*ASSIGNMENT*:
In the data below, the answer is the run of lines from the line containing "Rumah Townhouse 3" through the line containing "Waterfront Luxury Beach", both included; print it exactly and nothing else.

BEGIN DATASET EXCERPTS

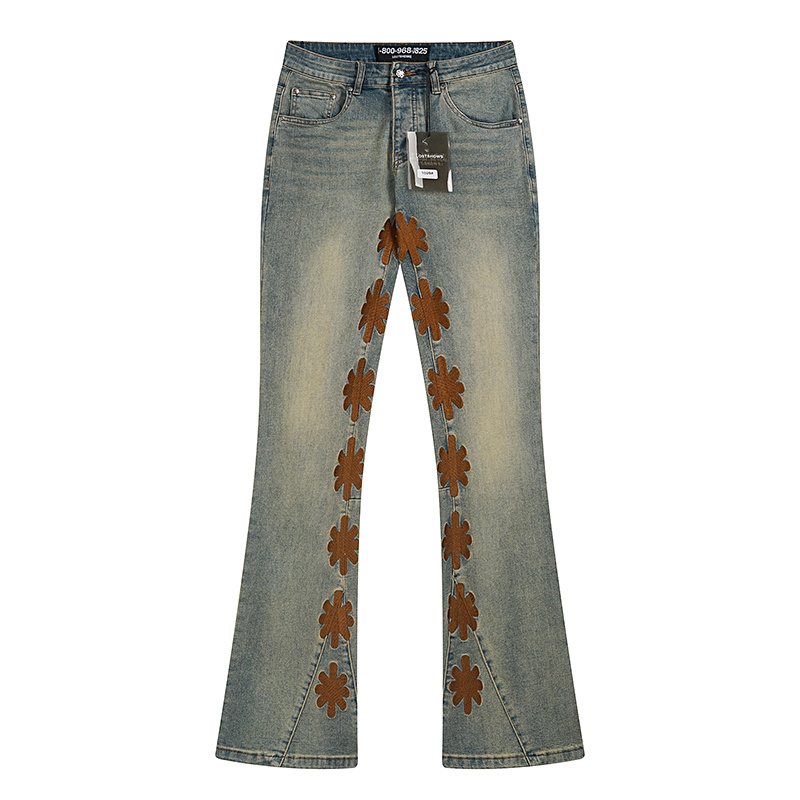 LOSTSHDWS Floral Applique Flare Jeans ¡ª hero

END DATASET EXCERPTS
BEGIN DATASET EXCERPTS

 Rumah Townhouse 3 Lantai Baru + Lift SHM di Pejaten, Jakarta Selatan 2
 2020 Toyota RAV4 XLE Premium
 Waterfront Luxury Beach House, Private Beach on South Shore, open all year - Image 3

END DATASET EXCERPTS

*ANSWER SPACE*:
 Rumah Townhouse 3 Lantai Baru + Lift SHM di Pejaten, Jakarta Selatan 2
 2020 Toyota RAV4 XLE Premium
 Waterfront Luxury Beach House, Private Beach on South Shore, open all year - Image 3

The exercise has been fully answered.